Tools: Dial indicator w/ magnetic base, two small pry bars, SMALL soft face hammer, two small wood blocks to use as pry points, and a heat gun and a non contact temp reading device (not shown)
Setup: Drive unit assembled without housing O ring, hub seal, and preload shim(s), with or without pinion installed, parts lightly oiled is OK but CLEAN, CLEAN, CLEAN! Flat piece of steel bolted to the caliper mount holes to land the magnetic base on, two bolts screwed into the hub to use as pry points. Optional: Large "old" bath towel to place the assembly on to protect the finish.
The Prep: On the three I have done I've found that it didn't require much heat on the housing cover to allow the bearing to slip in its bore. Above 105 deg. F seemed to be sufficient . YMMV. Warm the housing cover. Take your time. Too hot to touch is way too much. Just enough to allow the bearing to slip in the bore and then just a little more.
See Pic 2.
The Deed: Put the magnetic base on the bolted on platform, place the dial indicator spindle on the center of the hub. Pry the hub assembly up in the bore.
1. Now take the SMALL soft faced hammer and "thump" the hub to seat it back down, 2. zero the indicator and pry up again. Read the indicator.
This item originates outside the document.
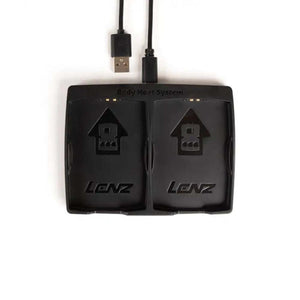 Lenz Men's Heated Gloves 9.0 Finger Cap with rcB 1400 Batteries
Do 1 and 2 numerous times to find the consistent reading. You will be able to feel the bearing slip in the bore and pull up tight against the housing when things are correct. Add some heat if deemed necessary. You will find that the consistent reading is the largest one. That is the end play. Add .002 to .004 in. to the dial indicator reading and that is the shim thickness to install. (And remember that the shims are metric dimensioned!)
A couple of notes:
When prying remember that we aren't trying to pull the bolts out of the hub. The pry bars used in the picture are short. Large screwdrivers would work fine.
When "thumping" the hub to seat the bearings we aren't trying to beat the $%!t out of it. (Did I mention SMALL soft face hammer?) Watch the dial indicator, it will show you when things are seated.
OK, so what about the heat? (I wondered too.) Took the assembly as seen in the picture and hung it above my little space heater in my workshop for an overnight "roast." The idea was to make sure that the internal componets were up to temp. When checked with the assembly heated (147 deg. F) the reading was less than .001 different. Not enough to worry about.
I think the reason for such a small change when heated is that the crown gear assembly is two pieces and one of them is aluminum (and expands more than if it were steel. (See Pic 3) The crown gear and hub are the same piece and made of steel.) The tapered roller bearing support (the cone shaped part) is made of said aluminum and is pressed into the hub portion of the crown gear as can be seen through the wheel bolt holes. (See pic 4)
On the last one I did (actually, the one shown in the pictures) has a few other issues dealing with possible reasons for failure. But that's another post!